## Supplied information:
════════════════

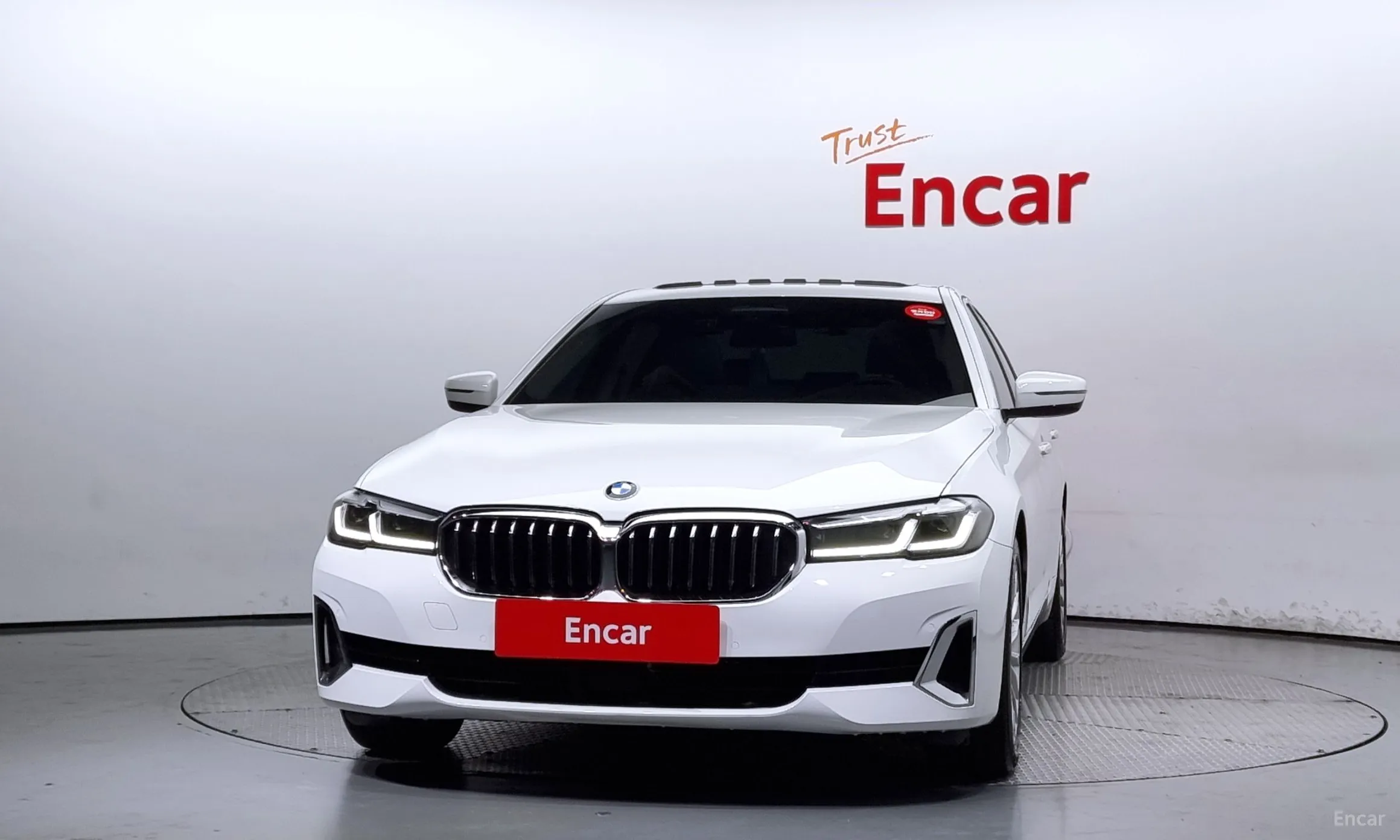 BMW 5 Series (G30) превью 2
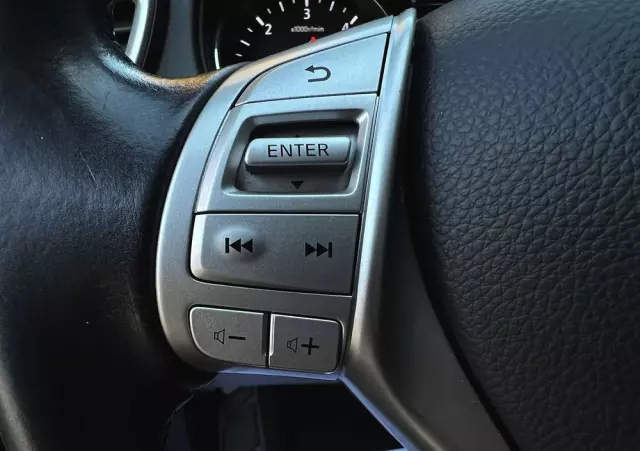 NISSAN Qashqai 1.6 DCi N-Connecta Xtronic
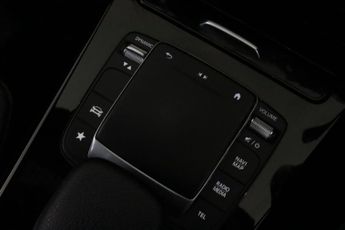 Mercedes-Benz A Class 1.3 A200 AMG Line 7G-DCT Euro 6 (s/s) 5dr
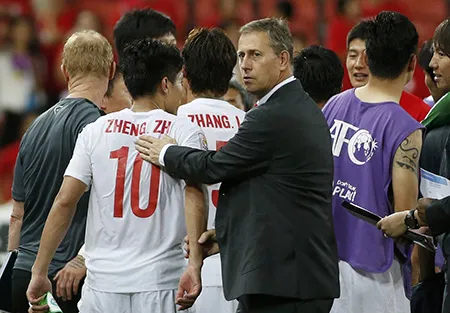 Thành tích tệ hại, Trung Quốc sa thải HLV trưởng người Pháp ảnh 1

════════════════

Please give every line above again word for word, apart from the pictures.

 BMW 5 Series (G30) превью 2
 NISSAN Qashqai 1.6 DCi N-Connecta Xtronic
 Mercedes-Benz A Class 1.3 A200 AMG Line 7G-DCT Euro 6 (s/s) 5dr
 Thành tích tệ hại, Trung Quốc sa thải HLV trưởng người Pháp ảnh 1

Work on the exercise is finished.